The album wisely kicks things off with the popular lead single, the mid-tempo “Honey Bee.” The positive tune sets the tone for the remainder of the album, which reflects where Shelton is in his life thanks to a finally-exploding career and newly-married status to Miranda Lambert.

Among the other mid-tempos, the bluesy “Ready to Roll” is the most straight arrow. Its rolling baseline is pleasant, infectious and completely inoffensive. “Drink on It” is also a bit bluesy, but carries the line “He sounds like such a prick,” which turns out to be the song’s only memorable aspect. Continuing on the status quo scale, “Good Ole Boys” is pretty much summed up by its title: “Where did all the good ole boys go?” Apparently, good ole boys are synonymous with country boys who are the only people who are polite and hold doors for women and say “Yes, Ma’am.” Shelton’s infamous offbeat humor shows up at the end of the track when he banters, “I’ll even go pick up some of those feminine products for you. That’s what a good ole boy would do.” While the lyrics are inane, the Jennings-influenced arrangement is one of the most sonically satisfying on the album.

As he’s proven on previous albums, some of Shelton’s most memorable and brightest moments are when he fully embraces the ridiculous, which shows up in the form of “Hey” and “Get Some” this time around. Both songs have delightfully funky lyrics and interesting productions. “Hey” more successfully illustrates country living than many other songs of its ilk, the random “baby Jesus” reference notwithstanding. The premise of the charming “Get Some” is reminiscent of Toby Keith’s “Getcha Some”, but with a toned down, tasteful production that showcases engaging honky tonk piano and acoustic guitar solos.

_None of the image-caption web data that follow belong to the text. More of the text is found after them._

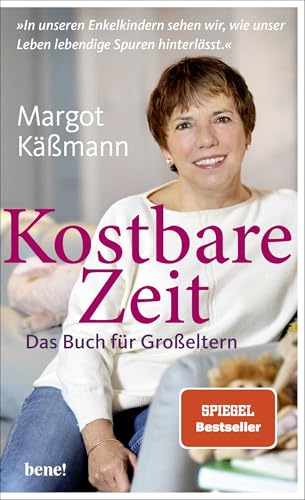 Kostbare Zeit – Das Buch für Großeltern: »In unseren Enkelkindern sehen wir, wie unser Leben lebendige Spuren hinterlässt.« von Droemer Knaur*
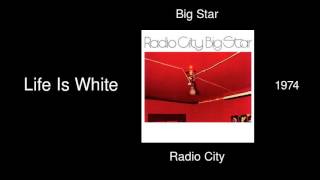 Big Star - Life Is White - Radio City [1974]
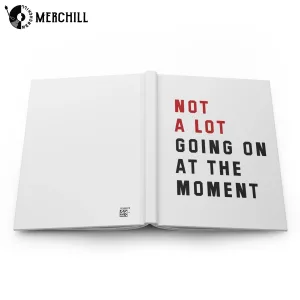 Not A Lot Going On At The Moment Hardcover Journal Notebook Swiftie Fan Gift 5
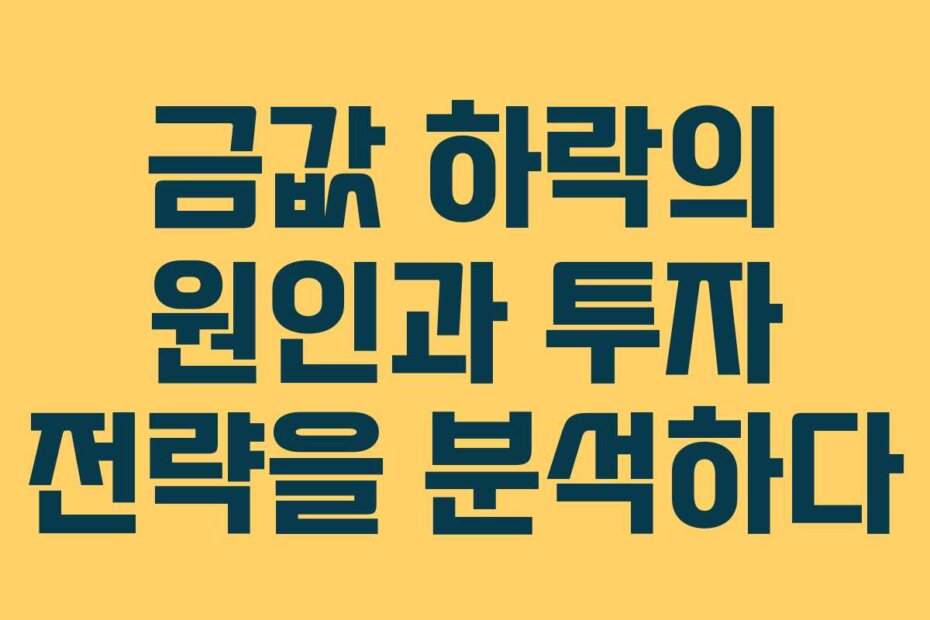 금값 하락의 원인과 투자 전략을 분석하다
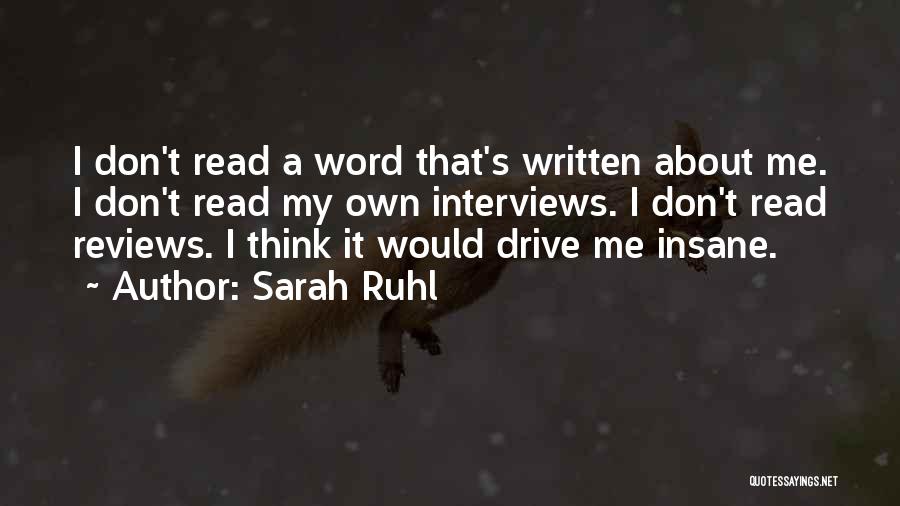 Sarah Ruhl Quotes: I Don't Read A Word That's Written About Me. I Don't Read My Own Interviews. I Don't Read Reviews. I
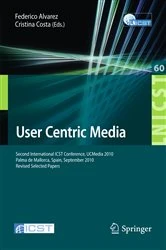 Book cover of User Centric Media by Federico Alvarez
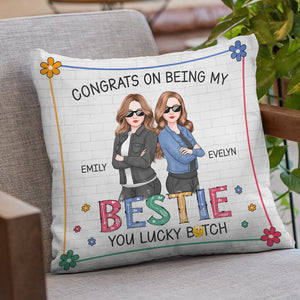 Congrats On Being My Bestie - Bestie Personalized Custom Pillow - Gift For Best Friends, BFF, Sisters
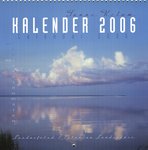 Kalender 2006. Calendar 2006. Loodusfotod. Estonian Landscapes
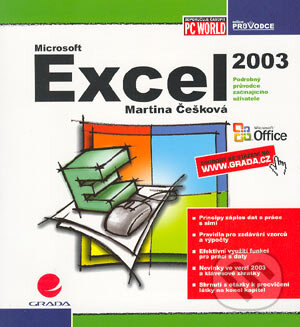 Excel 2003 - podrobný průvodce začínajícího uživatele - Martina Češková, Grada, 2004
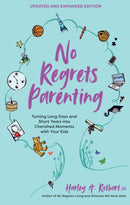 No Regrets Parenting, Updated and Expanded Edition : Turning Long Days and Short Years into Cherished Moments with Your Kids-9781524870577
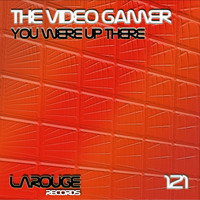 The Video Gamer - You Were Up There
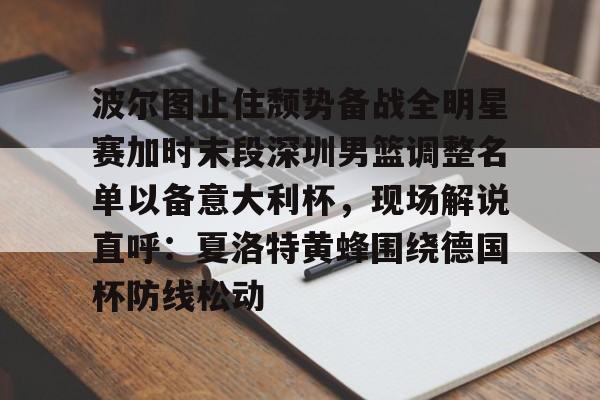 皇冠体育线上-包含波尔图止住颓势备战全明星赛加时末段深圳男篮调整名单以备意大利杯，现场解说直呼：夏洛特黄蜂围绕德国杯防线松动的词条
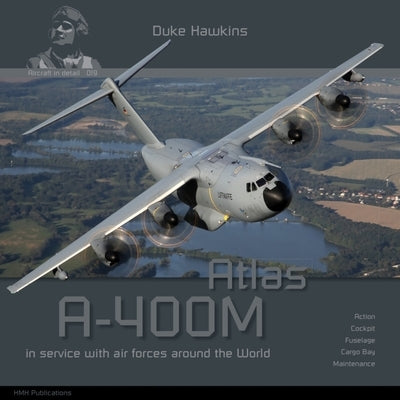 Airbus A-400M Atlas: Aircraft in Detail by Pied, Robert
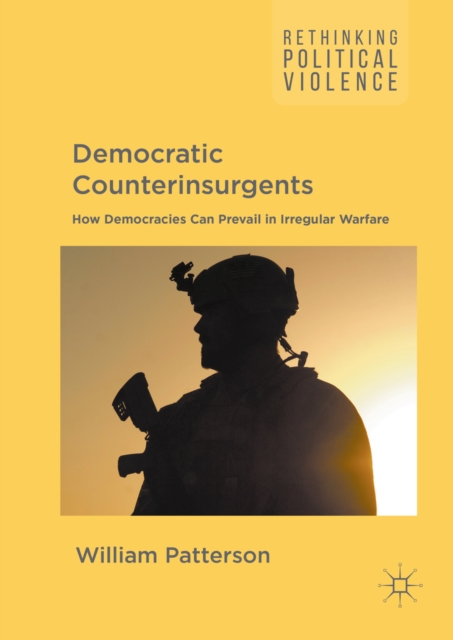 Democratic Counterinsurgents : How Democracies Can Prevail in Irregular Warfare, PDF eBook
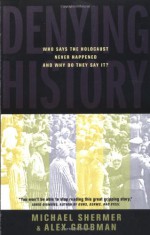 Denying History: Who Says the Holocaust Never Happened & Why Do They Say It? - Michael Shermer, Alex Grobman, Arthur Hertzberg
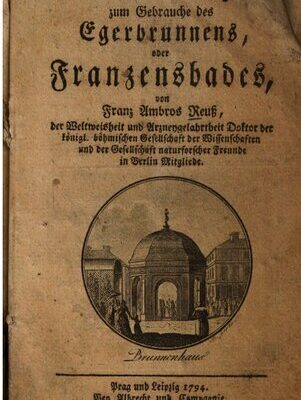 خرید و دانلود نسخه کامل کتاب Anleitung zum Gebrauche des Egerbrunnens, oder Franzensbades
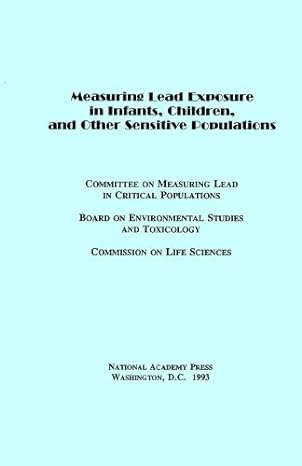measuring lead exposure in infants children and other sensitive populations 1st edition national academy of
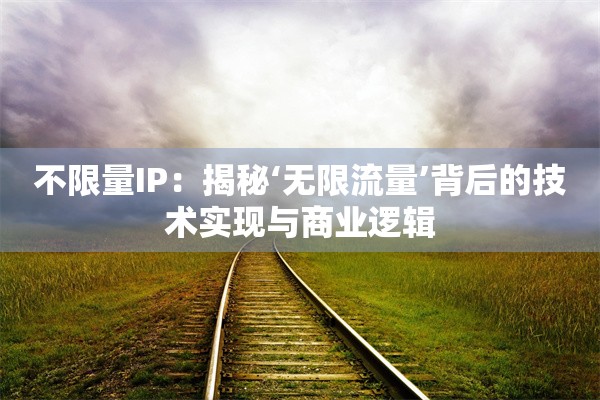 不限量IP:揭秘‘无限流量’背后的技术实现与商业逻辑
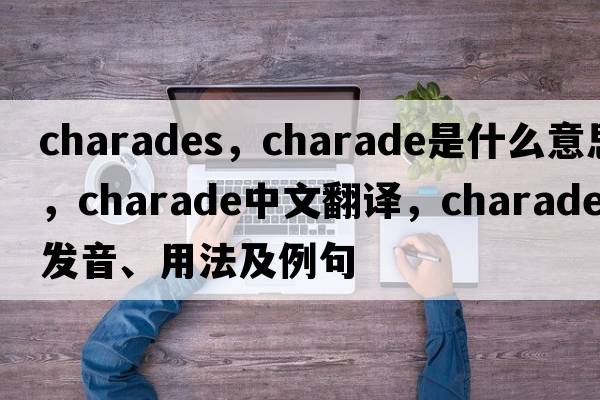 charades，charade是什么意思，charade中文翻譯，charade發(fā)音、用法及例句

While Shelton has proven capable of elevating substandard songs to higher levels in the past, he is not able to work his magic on most of the ballads on this album. Despite reliably stellar vocals on songs like the quality “Over,” decent comeuppance ballad “I’m Sorry” and the schmaltzy “God Gave Me You,” the tracks are all but ruined by tasteless eighties guitar solos and drum machines that turn them into power ballads rather than good country songs.

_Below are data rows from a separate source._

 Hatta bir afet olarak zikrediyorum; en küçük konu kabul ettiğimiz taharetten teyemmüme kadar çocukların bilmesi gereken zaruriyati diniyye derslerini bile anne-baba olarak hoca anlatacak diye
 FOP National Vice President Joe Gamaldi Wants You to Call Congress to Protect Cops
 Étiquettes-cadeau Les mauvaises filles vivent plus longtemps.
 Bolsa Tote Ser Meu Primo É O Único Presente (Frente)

Not all of the ballads are mired in bombastic productions, however. In fact, not only does “Red River Blue” make a cool album title, the song with its name happens to be the standout track as well. Because it’s the quietest song on the album, tucked away at the end (not counting the two bonus tracks that include the island-flavored “Chill” and a cover of Dan Seals’ “Addicted), it’s easy to overlook its strength. Along with a subtle production, Miranda Lambert’s quiet background support helps to solidify the song’s mournful tone.

The songs on this album are more than well performed, but the album as a whole is weighed down by some blandness and far too many overwrought productions. While this album is a definite step back in the right direction from Shelton’s last three projects, it still has a long way to go to equal the quality of his first four.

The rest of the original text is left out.